Dia menjelaskan bahwa PPATK bisa memblokir rekening yang terindikasi adanya tindak pidana pencucian uang dalam kurun waktu lima sampai 15 hari.
"Setelah itu, blokir tadi bisa ditindaklanjuti oleh penyidik dan sejauh ini tidak ada keberatan, penyidik bisa memperpanjang blokir dan mencari alat bukti yang dihasilkan analisis PPATK," ujarnya.
Ribuan rekening yang diblokir tersebut diketahui kebanyakan mengalir ke negara yang masuk Association of Southeast Asian Nations (ASEAN), seperti Thailand, Filipina, dan Kamboja.

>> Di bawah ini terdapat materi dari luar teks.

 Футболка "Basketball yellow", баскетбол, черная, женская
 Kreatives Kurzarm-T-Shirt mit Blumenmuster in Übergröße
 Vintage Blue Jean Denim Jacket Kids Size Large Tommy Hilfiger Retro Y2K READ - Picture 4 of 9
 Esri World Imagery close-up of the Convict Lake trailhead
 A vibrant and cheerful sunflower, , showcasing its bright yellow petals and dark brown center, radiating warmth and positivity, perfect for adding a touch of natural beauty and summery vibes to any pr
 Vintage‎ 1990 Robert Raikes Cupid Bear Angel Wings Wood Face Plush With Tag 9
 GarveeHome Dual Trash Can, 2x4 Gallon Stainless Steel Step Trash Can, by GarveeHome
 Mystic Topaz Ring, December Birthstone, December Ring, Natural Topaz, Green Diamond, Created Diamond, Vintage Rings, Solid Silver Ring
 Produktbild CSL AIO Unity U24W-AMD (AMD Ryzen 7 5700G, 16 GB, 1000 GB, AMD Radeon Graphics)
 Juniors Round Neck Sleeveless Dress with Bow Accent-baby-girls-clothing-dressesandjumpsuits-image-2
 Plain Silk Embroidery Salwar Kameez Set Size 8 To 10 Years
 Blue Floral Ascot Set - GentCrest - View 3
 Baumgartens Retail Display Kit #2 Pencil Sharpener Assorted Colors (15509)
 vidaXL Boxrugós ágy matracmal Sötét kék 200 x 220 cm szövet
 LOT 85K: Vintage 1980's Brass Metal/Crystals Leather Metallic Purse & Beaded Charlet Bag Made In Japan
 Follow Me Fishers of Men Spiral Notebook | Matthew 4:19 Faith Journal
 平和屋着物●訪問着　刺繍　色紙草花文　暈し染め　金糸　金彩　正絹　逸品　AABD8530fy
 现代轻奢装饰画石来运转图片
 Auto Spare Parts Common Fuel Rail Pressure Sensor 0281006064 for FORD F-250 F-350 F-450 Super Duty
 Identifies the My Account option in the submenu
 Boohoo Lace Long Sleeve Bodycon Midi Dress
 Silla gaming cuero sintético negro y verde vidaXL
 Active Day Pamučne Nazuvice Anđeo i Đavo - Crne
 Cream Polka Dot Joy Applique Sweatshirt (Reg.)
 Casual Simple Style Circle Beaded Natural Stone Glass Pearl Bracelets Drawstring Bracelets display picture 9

Natsir juga mengungkapkan bahwa sekitar 80 persen dari 3,2 juta pemain judi online yang telah teridentifikasi, mereka rata-rata bermain di atas Rp 100 ribu.
Profil yang bermain judi online itu pun bervariasi, mulai dari pelajar, mahasiswa, bahkan sampai ibu rumah tangga.
"Ini yang cukup mengkhawatirkan buat kita sebagai anak bangsa," ucapnya.
Dia mencontohkan, semisal pendapatan satu keluarga itu Rp 200 ribu per hari, bila Rp 100 ribunya dipakai untuk judi online, itu jumlahnya signifikan.
"Signifikan mengurangi gizi keluarga yang ada," jelas Natsir.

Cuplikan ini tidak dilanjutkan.